Well clustering would make more sense to me than having hot spares taking up space in a data centre doing nothing.
Bad / Faulty RAM does not usually cause a typical users PC to crash, give application faults, or appear any less stable than the next, it *can* cause all these in the worst cases, but in only slightly dodgy RAM it tends to corrupt data and rarely (if ever) cause a BSOD.
If the above data is per client, times it by the percentage of clients with slightly flaky RAM, or anything in a worse state, (for a BSOD to occur the dodgy bit needs to be at certain addresses that the OS is actually using) then multiply that by 100,000 - 1,000,000+ client workstations (users) and average the frequency of 'minor problems' then on a per day/per week basis.
As the OS will allocate blocks for either instructions or data, never both (anymore) the applications don't always throw expect ions, in fact most of the time they'll parse the bad data as is without checking it to much (overheads are considered not worth the gains), thus there is rarely an application exception either... they just parse the data "as is" with only the most basic of checks on it.

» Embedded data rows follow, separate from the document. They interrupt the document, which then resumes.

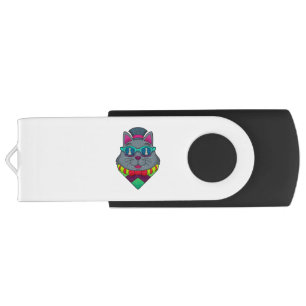 Cat at Chess with Chess piece Pawn Flash Drive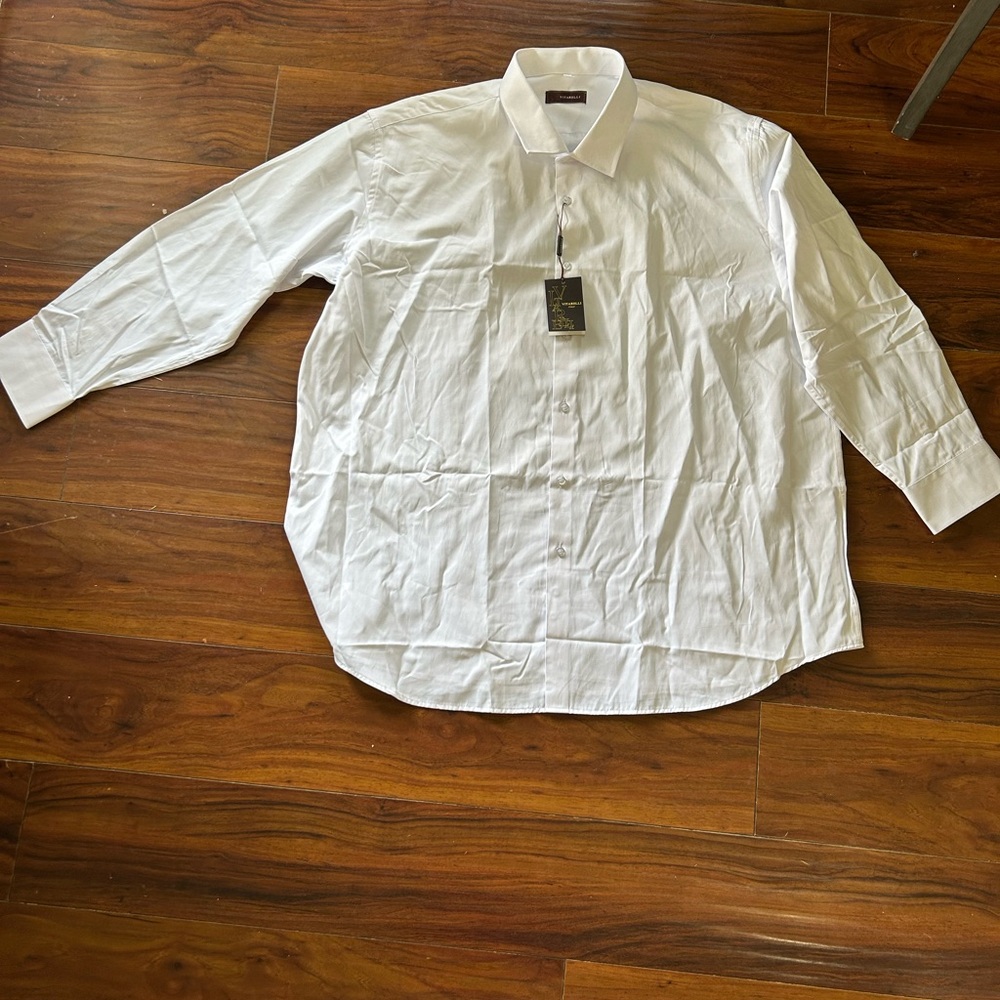 Elegant White Dress Shirt for Men, Vitarelli, long sleeve button up, Large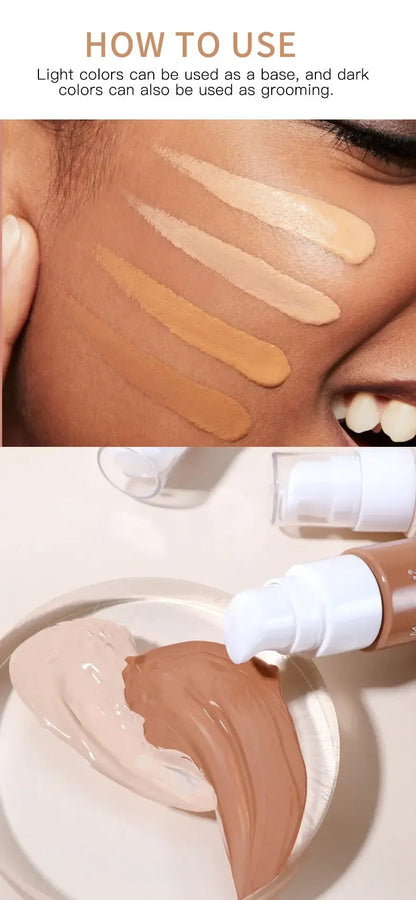 Liquid Face Foundation Cream Oil-Control BB Cream Matte Base Brightening Concealer Lasting Full Coverage Women Makeup Cosmetics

The 6 months on average a single bit of data being flipped is for machines with 64 MB of SDRAM, for machines with 2 GB of RAM at the same quality expect it to occur 32 times more often. Consider also the OS does not check the integrity of data pushed to the OS disk cache before committing it to disk (or to a network drive, via the network clients 'virtual disk' cache, which may be as large as 512 MB if not larger). - This leads to one minor bit being inverted as frequently as (
worst case scenario used) every 5 to 14 business (operating) days. Although less likely as the more powerful the machine the lower the load on it will be. Consider this is for PCs with RAM that actually passes memory tests. PCs worse states than "once every 6 months minor failures" will only push the stats the other way.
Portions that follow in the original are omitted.